I movimenti complessivi del 2020 sono stati 551.071, con una diminuzione del 61,8% rispetto al 2019. A fronte di una generale contrazione dei movimenti, singoli scali hanno avuto variazioni in controtendenza, come quello di Brescia che ha registrato una crescita importante del 42% (5.300 movimenti), supportata dalla movimentazione delle merci.

Il settore cargo, infatti, pur avendo anch’esso risentito della crisi dell’intero sistema, ha registrato una contrazione inferiore, rispetto al comparto passeggeri, in quanto le merci hanno continuato, seppur in maniera più limitata, a viaggiare. Complessivamente, nel 2020, il settore cargo ha registrato un totale di circa 804.000 tonnellate, con una flessione del 24,2% rispetto al 2019. Si segnalano Milano Malpensa che ha confermato il proprio primato con una contrazione nettamente inferiore (-7,5%) e l’aeroporto di Brescia che, in controtendenza, ha registrato un incremento del 61,4% rispetto al 2019.

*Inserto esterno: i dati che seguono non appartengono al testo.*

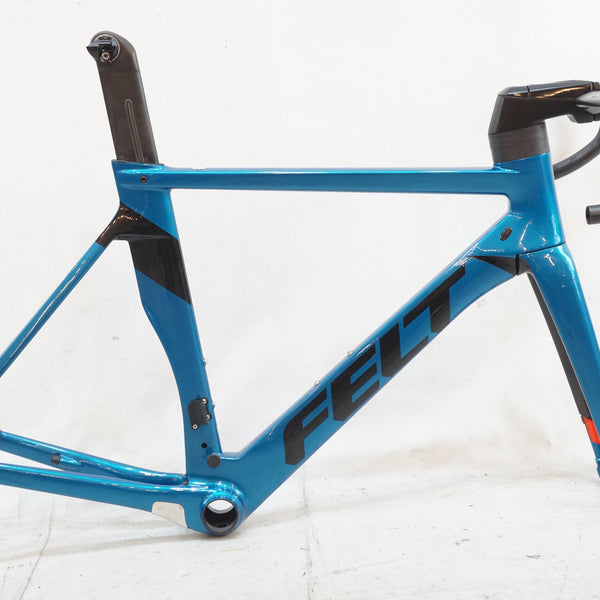 FELT 「フェルト」 AR ADVANCED 2023年モデル フレームセット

Per il traffico di aviazione generale (registrato sia sugli aeroporti aperti al traffico commerciale che sugli aeroporti e sulle avio/eli/idrosuperfici aperte al solo traffico di aviazione generale), dai dati trasmessi all’Enac emerge una sostanziale tenuta di questo segmento, con una variazione di segno negativo del -17,3% rispetto ai dati 2019.

Per quanto riguarda i 45 aeroporti nazionali aperti al traffico commerciali, la graduatoria per numero di passeggeri e’ guidata da Roma Fiumicino, con 9.754.768 passeggeri (-77,5%), seguita da Milano Malpensa con 7.201.030 passeggeri (-74,9%), Bergamo con 3.830.163 passeggeri (-72,2%), Catania con 3.647.860 passeggeri (-64,1%) e Venezia con 2.785.673 passeggeri (-75,8%).

Per quanto riguarda le compagnie, Ryanair guida la graduatoria dei collegamenti nazionali e internazionali di linea e charter con 11.836.904 passeggeri, seguita da Alitalia, con 6.514.570 passeggeri e da EasyJet Europe con 3.545.247 passeggeri.